C’est un avis mitigé qu’a rendu l’agence sanitaire Anses sur les masques de la marque Dim, distribués notamment aux enseignants et accusés d’être traités avec des produits toxiques. L’analyse n’a pas permis de mettre en évidence d’un risque pour la santé, « dans l’hypothèse où les précautions d’emploi seraient strictement respectées ».

L’agence sanitaire rappelle qu’elle « a été saisie en urgence » pour estimer les risques potentiels de ces masques en tissu lavables traités par deux substances actives antimicrobiennes, la zéolithe d’argent et la zéolithe d’argent et cuivre. Ces produits biocides ont été accusés d’être toxiques par le site d’actualité Reporterre. Le ministère de l’Education nationale a suspendu le 20 octobre la distribution aux enseignants de ces masques controversés en attendant les résultats d’une expertise.

Des conditions d’utilisation à respecter

A l’issue de son expertise, l’Anses « a écarté la potentialité d’effets nocifs immédiats et graves pour la santé humaine, un constat conforté par l’absence de signalement auprès des centres antipoison et de toxicovigilance d’effets indésirables avérés liés au port de ces masques ». Pour les risques à moyen terme, elle conclut que « dans l’hypothèse où les précautions d’emploi seraient scrupuleusement respectées, le port de ces masques ne présente pas d’effet nocif pour la santé humaine, notamment de toxicité pour la reproduction ».

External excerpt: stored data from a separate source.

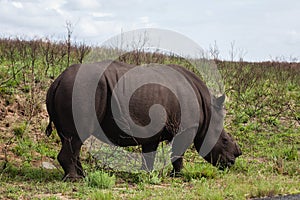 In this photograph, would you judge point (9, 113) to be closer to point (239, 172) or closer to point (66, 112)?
point (66, 112)

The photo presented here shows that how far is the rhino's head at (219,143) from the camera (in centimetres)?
914

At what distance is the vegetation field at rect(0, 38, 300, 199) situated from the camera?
6.86 metres

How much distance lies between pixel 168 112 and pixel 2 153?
3.15 m

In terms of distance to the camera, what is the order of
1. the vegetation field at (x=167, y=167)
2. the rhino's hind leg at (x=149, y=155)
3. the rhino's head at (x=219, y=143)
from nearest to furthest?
the vegetation field at (x=167, y=167)
the rhino's hind leg at (x=149, y=155)
the rhino's head at (x=219, y=143)

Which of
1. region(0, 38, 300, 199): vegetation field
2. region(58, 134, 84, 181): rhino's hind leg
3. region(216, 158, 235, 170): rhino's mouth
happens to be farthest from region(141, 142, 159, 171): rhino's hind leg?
region(58, 134, 84, 181): rhino's hind leg

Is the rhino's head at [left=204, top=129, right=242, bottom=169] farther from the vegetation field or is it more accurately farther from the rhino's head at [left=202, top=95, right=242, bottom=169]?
the vegetation field

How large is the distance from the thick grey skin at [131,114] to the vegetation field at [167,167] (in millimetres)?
310

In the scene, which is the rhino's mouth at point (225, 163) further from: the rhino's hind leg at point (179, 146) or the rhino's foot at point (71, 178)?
the rhino's foot at point (71, 178)

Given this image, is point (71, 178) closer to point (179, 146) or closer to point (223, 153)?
point (179, 146)

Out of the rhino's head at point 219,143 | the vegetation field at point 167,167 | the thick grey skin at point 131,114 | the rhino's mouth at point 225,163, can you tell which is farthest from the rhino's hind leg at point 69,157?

« Ces précautions comprennent le lavage avant le premier emploi et après chaque utilisation, le port de 4 heures maximum et le remplacement des masques dès qu’ils sont humides », précise-t-elle. Toutefois, compte tenu des situations pouvant exister dans la vie courante, comme le port de masques sans lavage préalable ou humide, et « des scénarios " pire cas " », l’agence sanitaire considère que des effets toxicologiques à moyen terme tels que « l’accumulation d’ions argent Ag + dans les organes peuvent résulter de ces expositions » et que « des risques sanitaires ne peuvent donc être totalement écartés ».

Encadrer l’utilisation des biocides

Elle relève que le traitement chimique par des substances biocides n’est pas une exigence technique requise pour les masques en tissu. Les fabricants ne sont pas tenus de mentionner ces traitements sur les étiquettes.

L’utilisation des traitements antimicrobiens, en particulier dans les produits de consommation courante, nécessite d’être mieux encadrée, poursuit-elle en indiquant que la mise en place du Règlement Biocide y contribue. Enfin, l’Anses recommande d’accélérer l’évaluation des substances actives au niveau européen afin que les articles traités contiennent uniquement celles qui sont approuvées et adaptées au produit.